Stanieva told the audience that a cinematography festival in Kyiv had to be cancelled. Her own festival, the third OKO International Ethnographic Film Festival, moved from Bessarabia, Ukraine, to Torun. Stanieva is the festival director; Rubashevska, the program coordinator.
“We have a dream to invite you all to next year’s festival,” Stanieva said. “If I don’t see you again, I leave you one wish: to help Ukraine in every way possible.”
2022 EnergaCAMERIMAGE opening night. Photo: Pawel Skraba.
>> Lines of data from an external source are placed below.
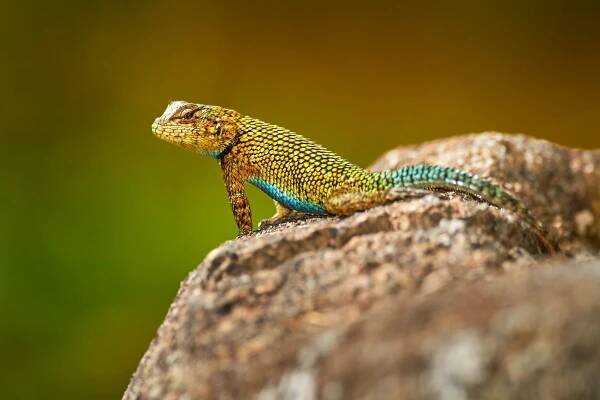 leguánovití: Iguanidae – čeleď plazů z řádu ještěrů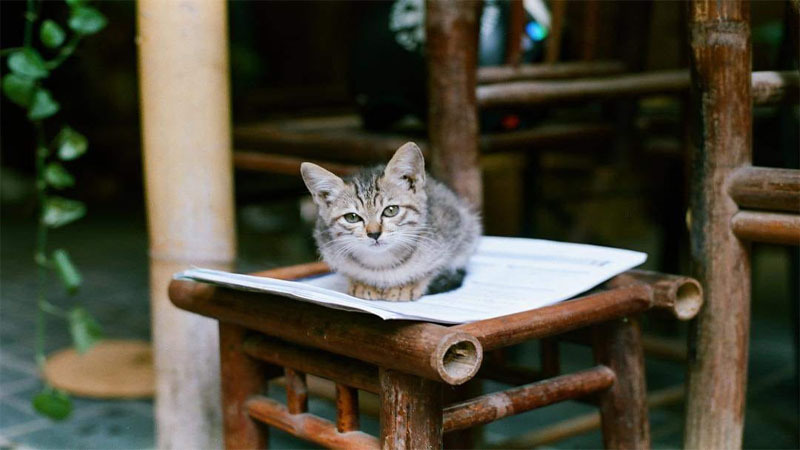 TOP 15 quán cà phê mèo ở Hà Nội nổi tiếng nhất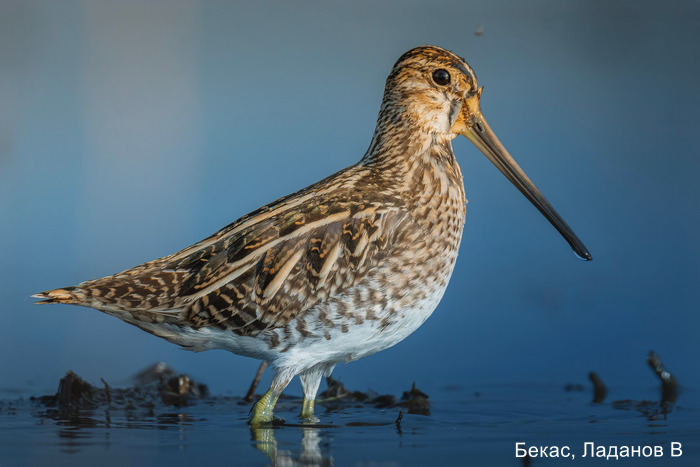 Бекас, Ладанов В (1)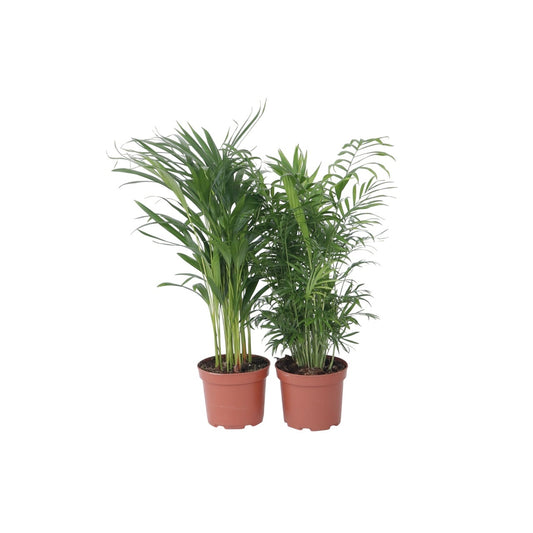 Mezcla De Palmeras - 2 Pzs - Chamaedorea Dypsis - Altura 50-70cm - ⌀17cm_0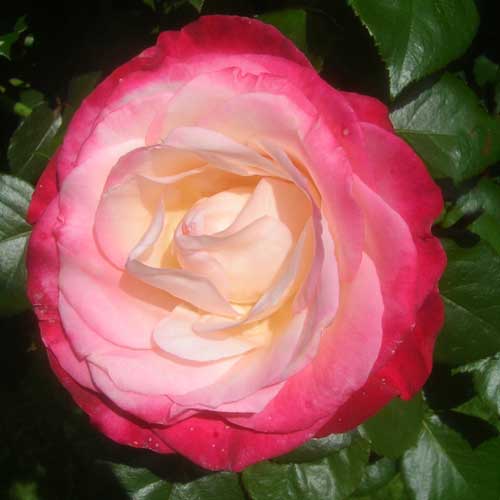 Nostalgie Hybrid Tea Rose (4.5 Litre)
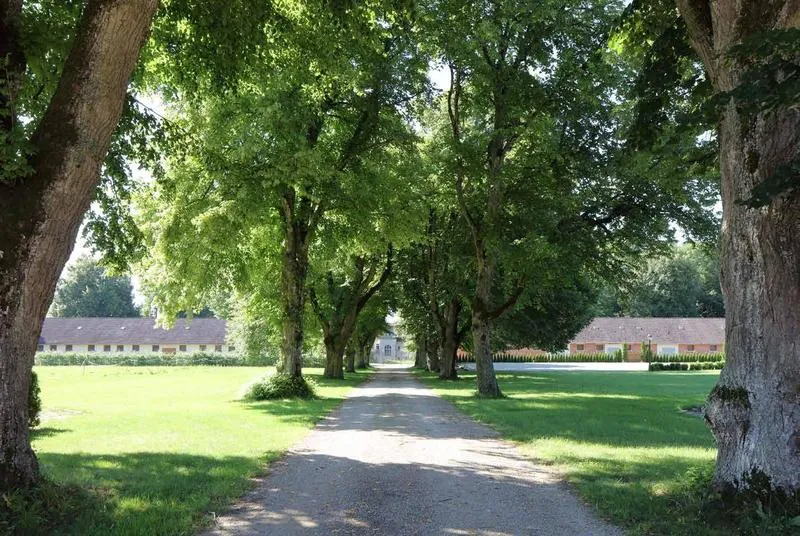 Alte Lindenallee mit Kiesweg, im Hintergrund die Gebäude des Anwesens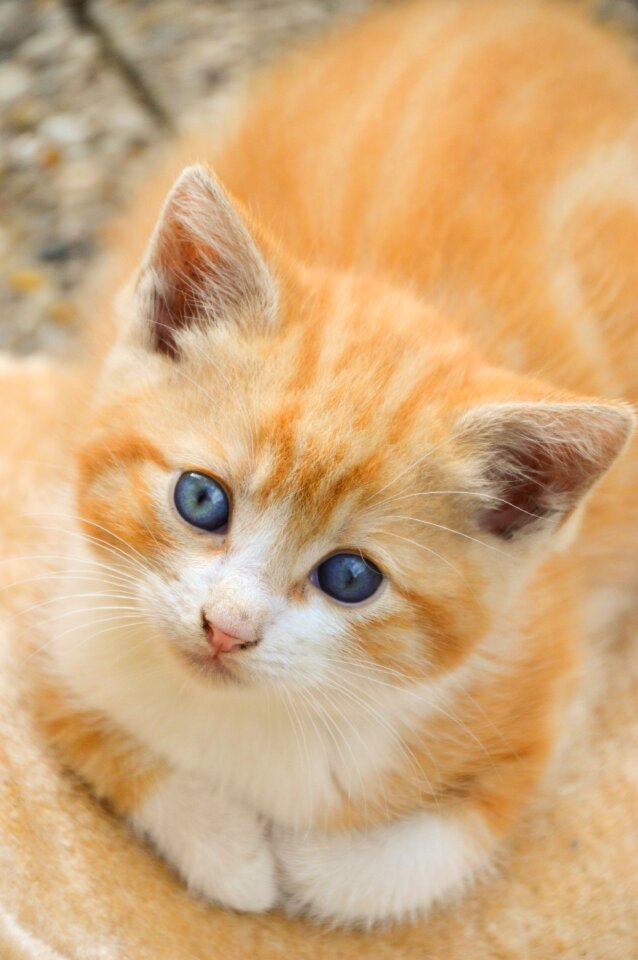 Cute animals adorable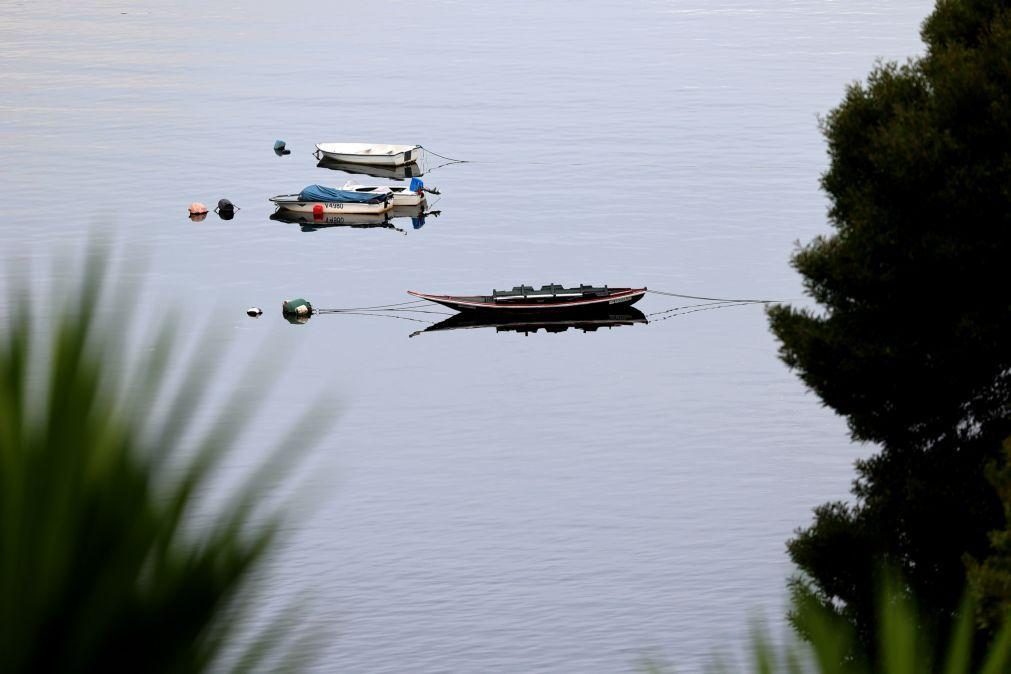Meia tonelada de pinho para fazer renascer barco icónico em Gondomar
Rubashevska fled with no money or documents from the Donbas region to Poland. Three days later she received an invitation to Camerimage, which sponsored the OKO festival. Camerimage provided venues and helped with guests and participants.”Our hope is to promote peace, tolerance, and mutual respect towards each other,” Rubashevska said, before inviting attendees to come celebrate OKO screenings.
The OKO schedule included eight feature documentaries and sixteen documentary shorts, as well as a four-film tribute to Ukrainian cinema.
“I don’t know if Camerimage understands what they did for us,” Stanieva said in an interview at OKO’s awards ceremonies. “Their support gave us wings, gave us hope. We are. We exist. For us, this is so inspiring. I still don’t believe it happened.”
“Let me add some practical details,” Rubashevska said. “We are a very ambitious but young festival. Being here at Camerimage, we could observe how they handled logistics, how they administrate duties, how they connect with guests. That was so valuable for us.
“Also, this was our first full-scale edition where we could invite directors from all over the world, literally all the continents. Being able to meet them was indescribably great.”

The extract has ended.